I was reading the Oracle documentation for regular expressions and I can't seem to find something that I can use to replace the for loop below. I have scraped the body of an html web page but I am left with the html tags as well. Is there a regex command that allows you to replace everything beginning with a "<" and ending with ">" ? Essentially deleting the html tags altogether? The for loop does work, I was just hoping that I could find something cleaner.
char[] charWordsOfWebsite = wordsOfWebsite.toCharArray(); //wordsOfWebsite is the String I stored the html page into. Then store string as an array of characters.

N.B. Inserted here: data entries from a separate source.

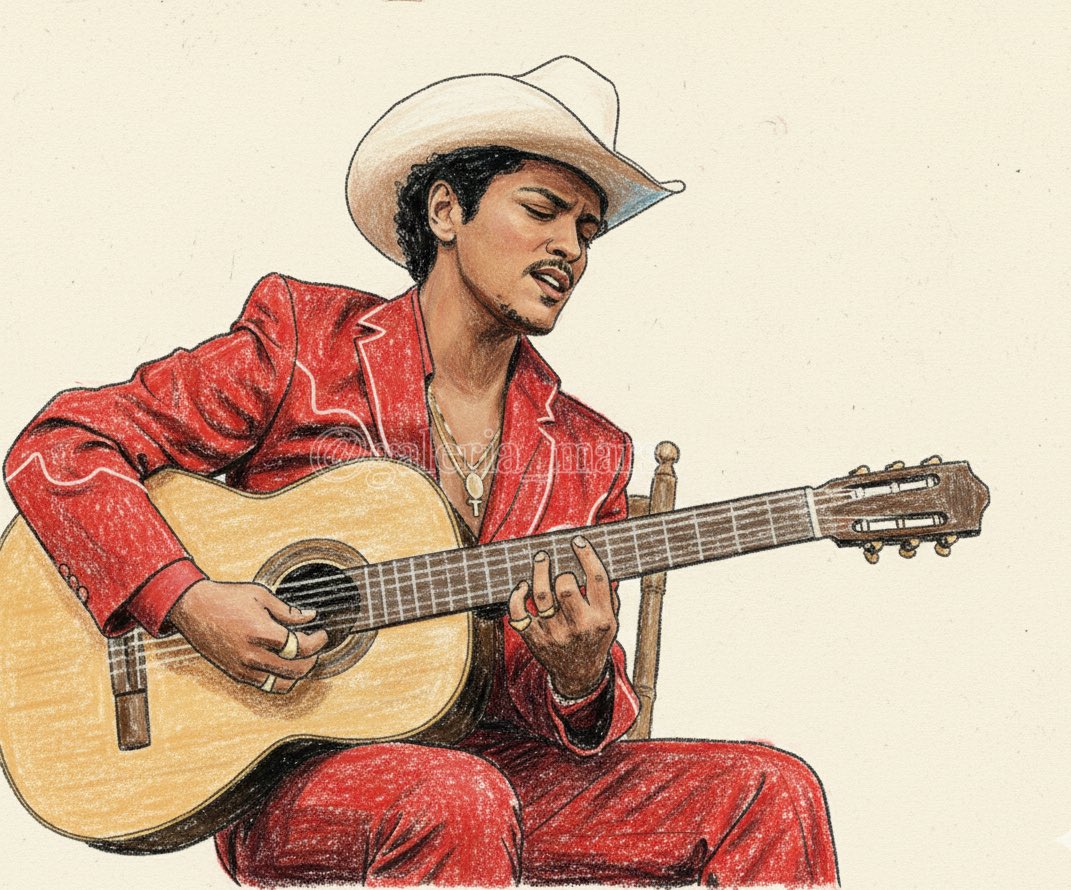 My romantic transformed into art 🌹🔥 <a href="/BrunoMars/">Bruno Mars</a>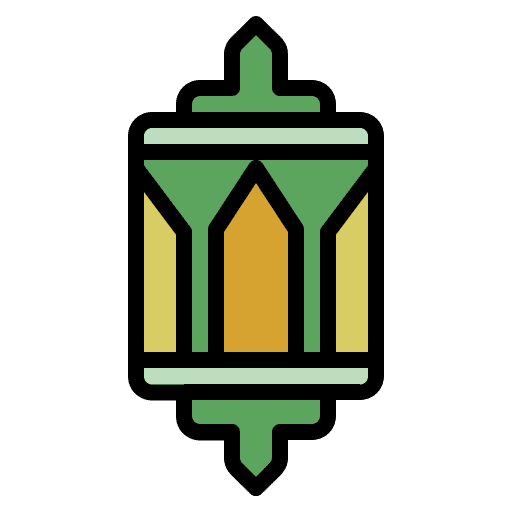 Lantern arabic illumination arab icon Lantern arabic illumination arab icon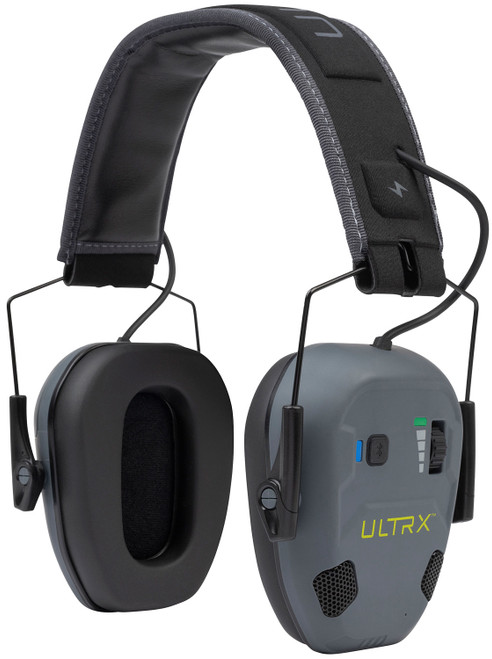 Allen 4171 Bionic Fuse Earmuff Over the Head Slate Gray Bluetooth Enabled DS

boolean insideHTMLTag = false;
for (int i = 0; i <= charWordsOfWebsite.length-1 ; i++) { //This loop gets rid of all html tags
if (charWordsOfWebsite[i] == '<'){ //Beginning of html tag
charWordsOfWebsite[i] = ' ';
insideHTMLTag = true;
} else if (insideHTMLTag && charWordsOfWebsite[i] != '>'){ //Inside html tag
charWordsOfWebsite[i] = ' ';
} else if (charWordsOfWebsite[i] == '>'){ //End of html tag
charWordsOfWebsite[i] = ' ';
insideHTMLTag = false;
}
}
//Put char array into string, replace multiple white spaces with one white space, inverted regex replaces all characters except a-z, A-Z, 0-9, finally use setter to store the refined words string for later use.
setRefinedWordsOfWebsite(new String(charWordsOfWebsite).trim().replaceAll("\\s{2,}", " ").replaceAll("[^a-zA-Z0-9\\s]", ""));